Pictures with short captions
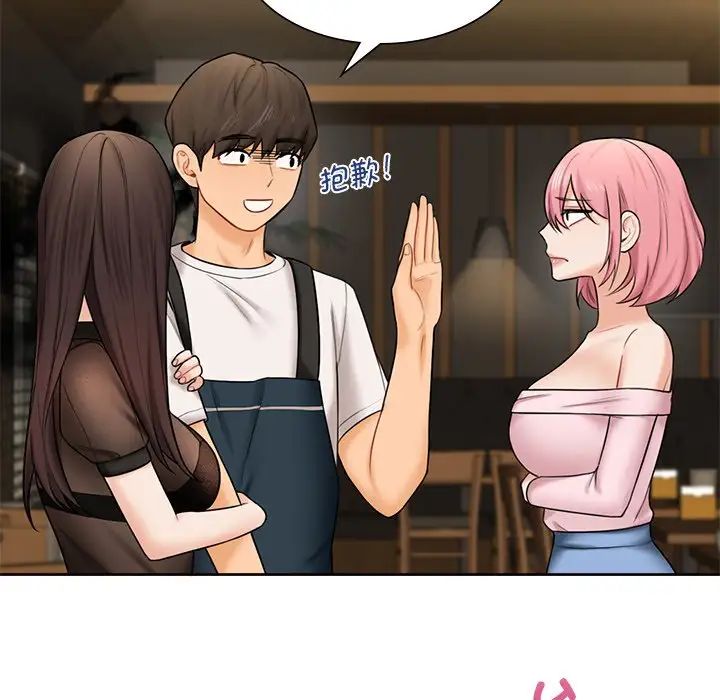 《不当朋友当恋人》漫画 第14話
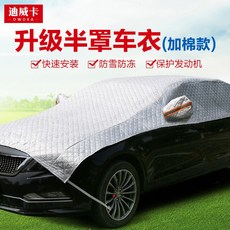 f712472997a8f6c54d5cda733834d526b3b1c2816950d76fd3827e67f07e.jpg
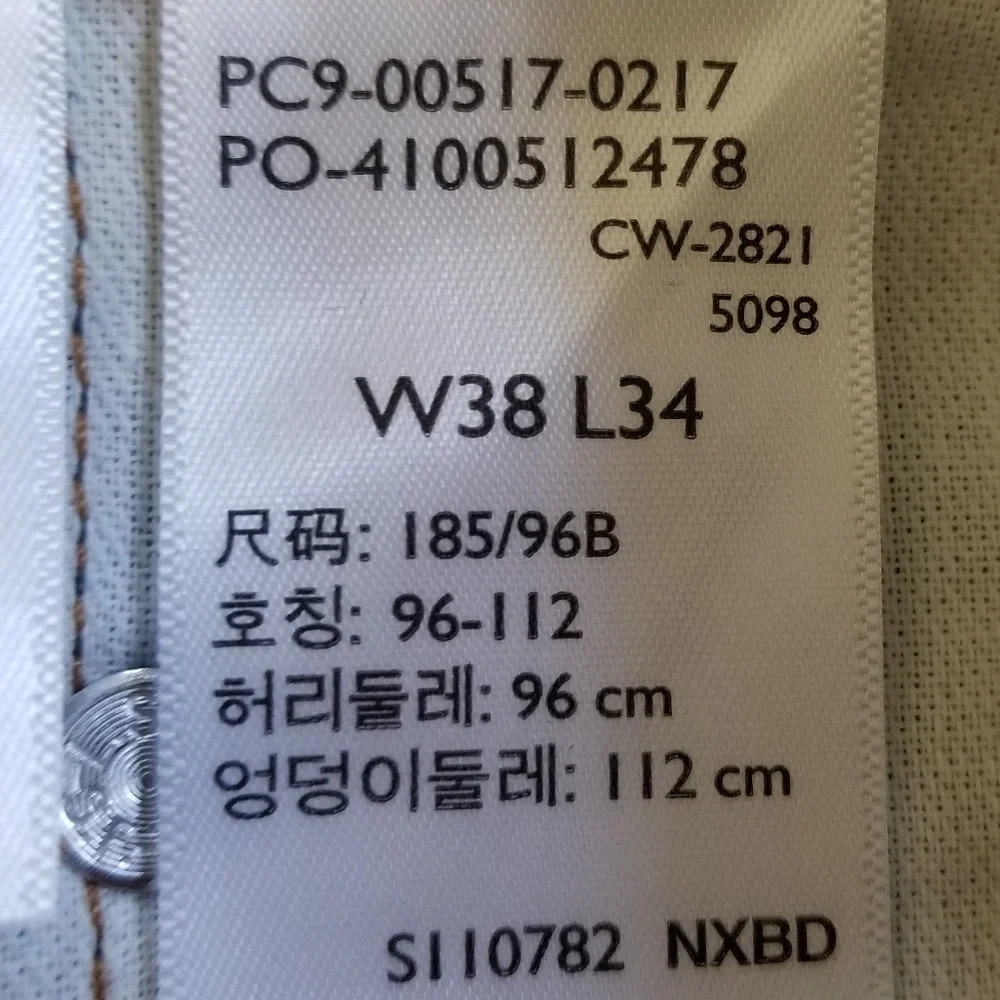 Levi's 517 Men's Blue Dark Wash Cotton‎ Bootcut Jeans Size 38 NEW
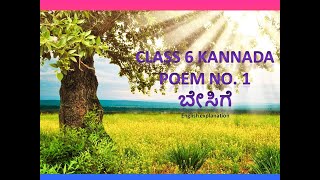 Besige | Class 6 Kannada Poem 1 - ಬೇಸಿಗೆ [ English explanation]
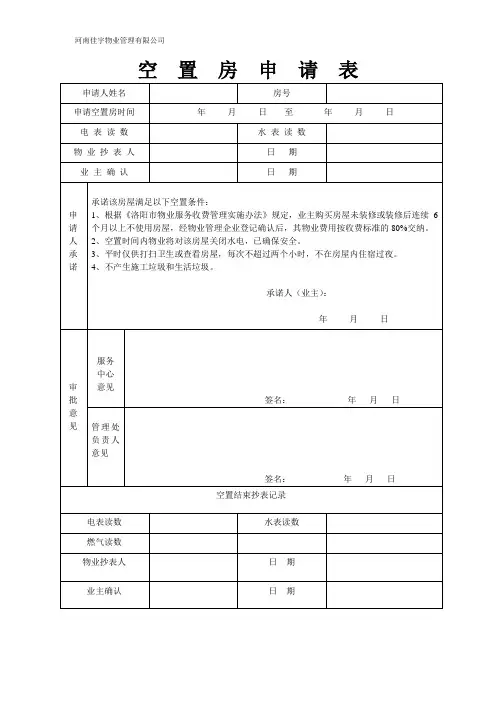 空置房申请表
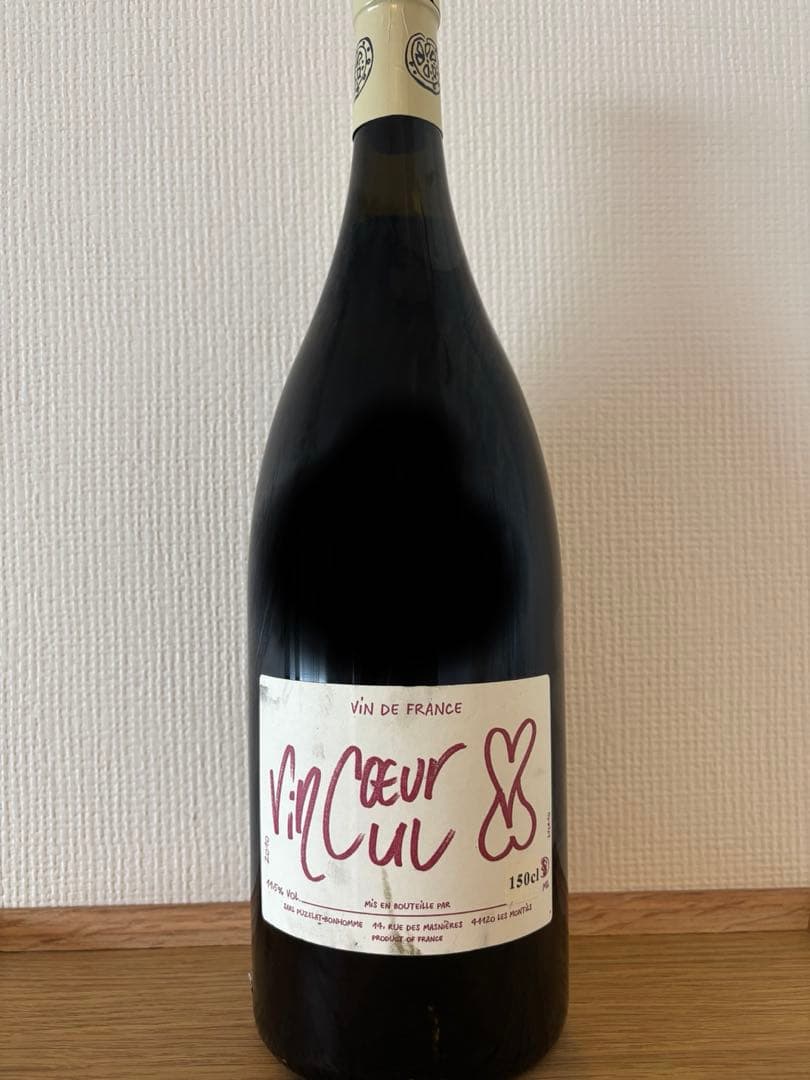 【他のワインとまとめて落札特価】 ヴァンクゥールヴァンキュマグナム2010年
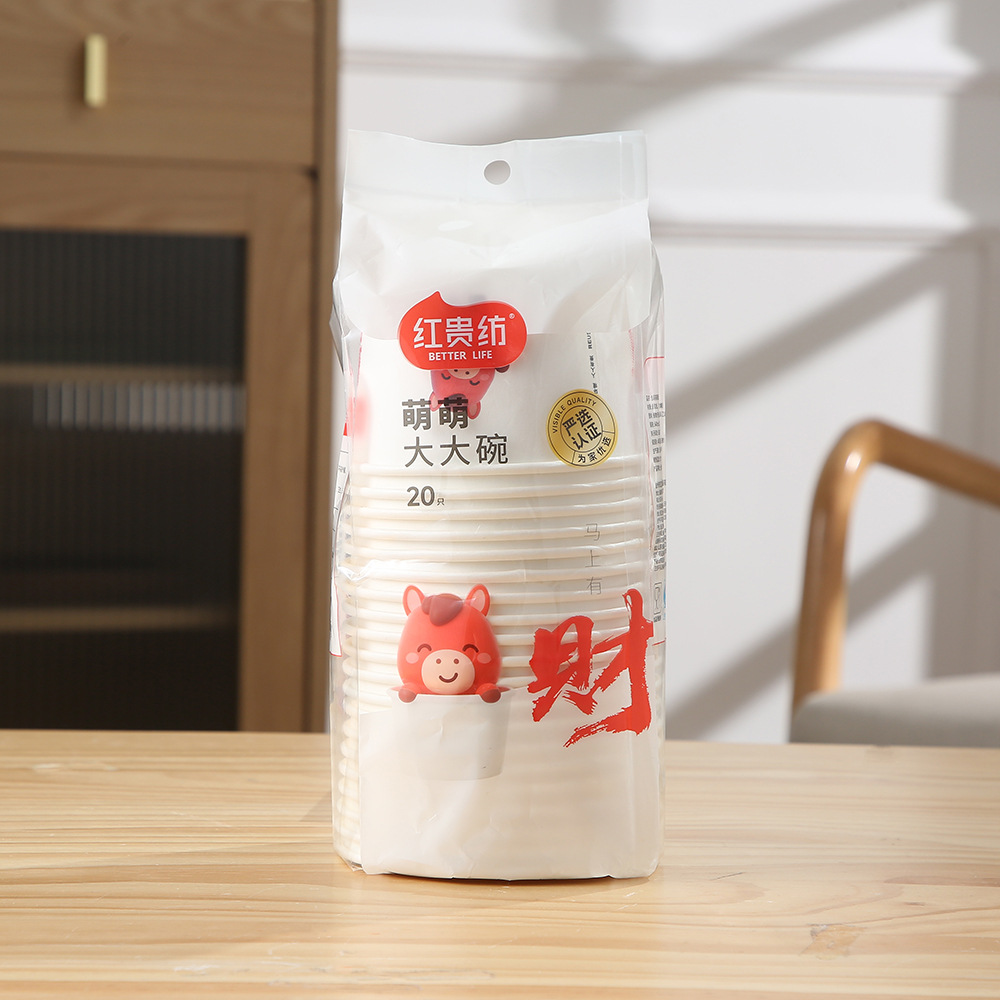 Manufacturer Disposable Paper Bowl 540ml Large Capacity Household Thickeneded Paper Bowl Business Banquet Household Kitchen Takeaway Paper Bowl
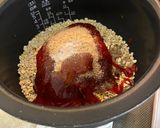 あるもので炊飯器チキンライス作り方2写真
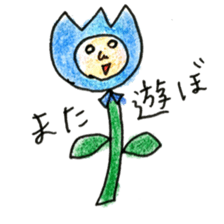 Chat Tulip sticker #6492109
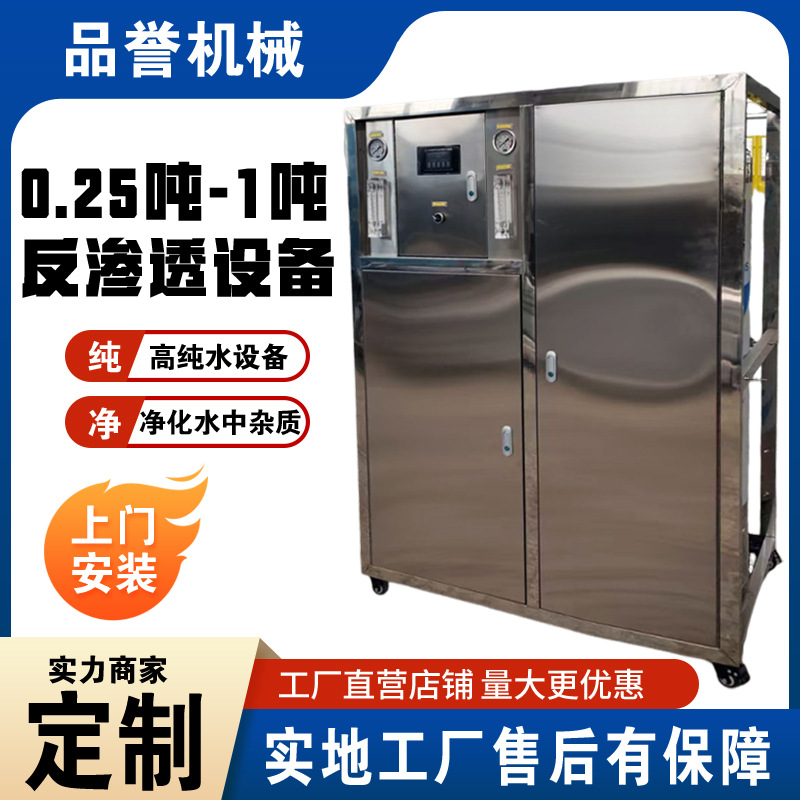 学校小区直饮水双级反渗透设备 食品加工用水处理设备 纯水设备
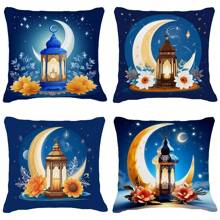 45 X 45 Cm 4pcs/Set Ramadan Square Decorative Throw Pillow Covers, Soft Plush Material With Ramadan Moon, Star And Flower Pattern, Removable And Washable, Suitable For Living Room, Office, Sofa Decor, Ramadan Gift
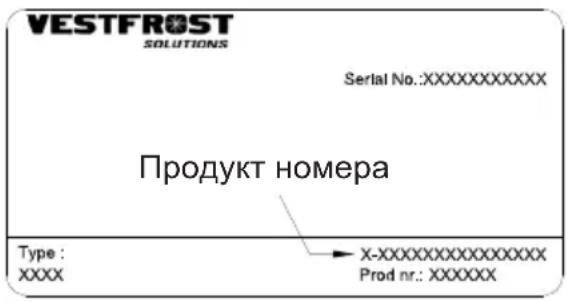 VESTFROST VLS 056 RF SDD - 3aNachbte yactn - 1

▸ EXERCISE INSTRUCTIONS
What is needed is an exact repeat of every entry above, with the pictures left out.

▸ SOLUTION FOR THIS PROBLEM
 《不当朋友当恋人》漫画 第14話
 f712472997a8f6c54d5cda733834d526b3b1c2816950d76fd3827e67f07e.jpg
 Levi's 517 Men's Blue Dark Wash Cotton‎ Bootcut Jeans Size 38 NEW
 Besige | Class 6 Kannada Poem 1 - ಬೇಸಿಗೆ [ English explanation]
 空置房申请表
 【他のワインとまとめて落札特価】 ヴァンクゥールヴァンキュマグナム2010年
 Manufacturer Disposable Paper Bowl 540ml Large Capacity Household Thickeneded Paper Bowl Business Banquet Household Kitchen Takeaway Paper Bowl
 あるもので炊飯器チキンライス作り方2写真
 Chat Tulip sticker #6492109
 学校小区直饮水双级反渗透设备 食品加工用水处理设备 纯水设备
 45 X 45 Cm 4pcs/Set Ramadan Square Decorative Throw Pillow Covers, Soft Plush Material With Ramadan Moon, Star And Flower Pattern, Removable And Washable, Suitable For Living Room, Office, Sofa Decor, Ramadan Gift
 VESTFROST VLS 056 RF SDD - 3aNachbte yactn - 1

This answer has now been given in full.